I had an inheritance a couple of years ago from a close friend in the UK. Because she had no immediate family we had to pay 40% inheritance tax in the UK. She also owned a house in France and the French (because they can) don't recognise the validity of the English will. The palaver went on for over two years. In France if you want to inherit a house you have to pay the inheritance tax before you can take over the house (I think it was 60% but it may have been a bit lower) I suppose if the French want to have such a great welfare state someone has to pay for it
 
The good thing about my inheritance was I didn't have to pay any tax on it in Australia. I'm still waiting for the tax office to ask why I transferred a healthy sum from the UK to Australia. I have my Australian TFN on my UK bank account so maybe they checked it out and didn't bother
 
Die with Zero
In our case it's probably "Die with not very much", having dispersed assets etc to offspring etc.

However, planning for this is fraught with danger, as it really doesn't take account of accidents wiping out one or both.
 
With respect to giving it away before we go, we have for a long time thought it was better to share what we have with the kids while we are alive to see them benefit/enjoy, ans so we have been doling out small amounts of cash, and paying for overseas family holidays for several years.
Ditto, doing what you can, it makes us smile on the inside.
We have been quite influenced recently by the book Die with Zero, which has taken it even a step further in our thinking. Hmm, "every dollar in your bank account represents an experience not enjoyed" is pushing my buttons right now, maybe because of my health 🤷‍♀️.


More to follow....
Must get that book @Seat0B !
And thanks for the new thread .
 
In our case it's probably "Die with not very much", having dispersed assets etc to offspring etc.

However, planning for this is fraught with danger, as it really doesn't take account of accidents wiping out one or both.
All of the "give it away" approach is fraught with the particular danger of "longevity risk" - how much will you realistically need to salt away for your own aged care?

And yes, the possibility of a sudden and unpredicted demise means it's a good idea to have back up plans in place so that things don't end up as a bunfight, or not very tax effective, or leaving the family, or going to people you did not want to support etc etc etc.

It's quite complex for sure even without the added complications of family being in different countries.
 
However a times one's demise is instant~unforeseen and not planned in advance.
For some when the time slowly comes they may not have the capacity to transfer assets in a planned manner.
Totally agree with you on this @Mwenenzi - the need to have a Plan B in place is very real as none of us really knows when our number will come up.

And capacity is a minefield. My dear old dad had serious dementia, and we were super glad that we got arrangements in place just before he lost capacity. We really only did the power of attorney and will at the nagging of Seat Son, who was then a baby lawyer and happy to give advice to us all (just not to follow it himself, it seems 😆).
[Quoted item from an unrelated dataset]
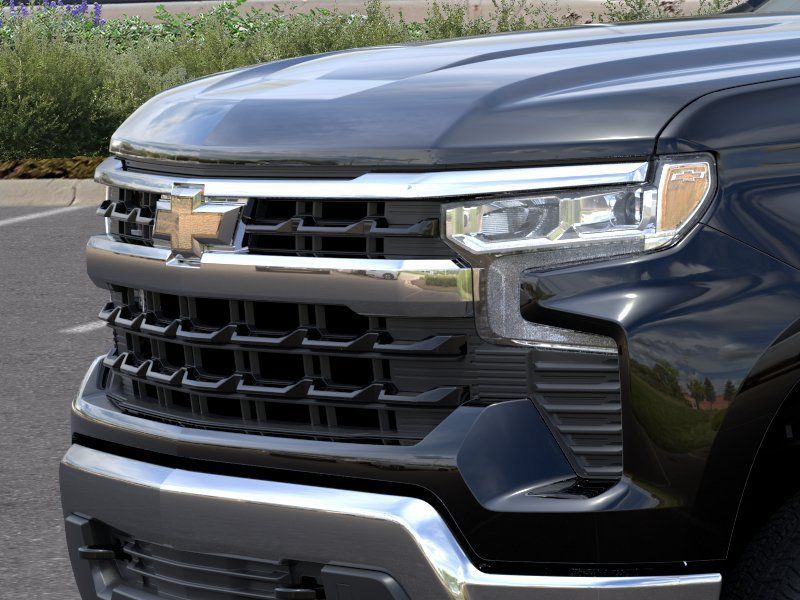 New 2026 Chevrolet Silverado 1500 Truck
And it was only a matter of weeks later that he started to lose the plot. A very close call.

But we did not think to get my sister or me appointed to manage his "My Aged Care" before it was clear he had lost capacity and could not consent to us receiving information or making decisions for him. That meant that mum had to do it all at a time of stress and distress, high personal workload caring for dad, her own old age, and it was really cruel. I honestly don't know what they would have done if mum did not step up. So lucky that dad passed away quite quickly in the end. We have this sorted now for mum's My Aged Care.
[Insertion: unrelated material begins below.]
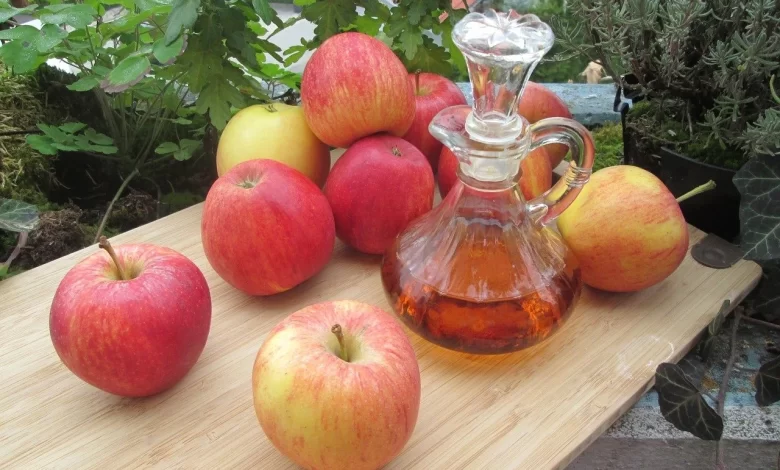 Apple Cider Vinegar’s 7 Health Benefits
So that is another tip - get additional supporters appointed onto My Aged Care accounts while the loved one still has the capacity to consent to this.
 
I like the idea of transferring major funds to a joint account. We did this, urgently, two days before mum died on the advice of a lawyer. Both brother and I had P of A so as soon as the lawyer said that, I dragged him out of work, told him not to answer the phone and straight to the bank. It meant as soon as we felt able after her passing we simply transferred the funds to each other. But it's non cash assets that's the issue.

This was advice from our lawyer. It isn't to be considered legal advice here. 😉 B lives in UK. A lives in Australia.

Generally, inheritance of assets following a death does not trigger a liability for Capital Gains Tax (CGT) in respect of any capital gains on the asset. CGT will apply only when an executor or beneficiary disposes of an asset. Your estate will not be liable for CGT, and at the time of inheritance, neither will A or B (sons), unless there is a disposal, such as a sale.


In some instances, a foreign resident will incur CGT on inherited assets. However:

  • cash is not a CGT asset, and therefore a distribution of cash to B will not be impacted by any CGT event; and
  • the passing of real property from your estate to B will not give rise to any CGT consequences at the time of his inheritance.

However, the sale or disposal of real estate will always give rise to CGT in Australia. This also applies to any real estate inherited via a Will (unless that property is your main residence and is sold with settlement occurring within two years of the date of death (with some time extensions possible), in which case it will be CGT exempt).

If, as a result of your Will, A inherits your main residence and it then becomes his main residence and he then sells or disposes of it, he would be entitled to the main residence CGT exemption. B as a foreign resident would not be entitled to the main residence exemption.

As per your current instructions, both A and B are to receive your real estate equally on the death of the last of you. Depending on when they sell the inherited property, they are likely to incur CGT. There are some distinctions in how that CGT event would be treated between B and A.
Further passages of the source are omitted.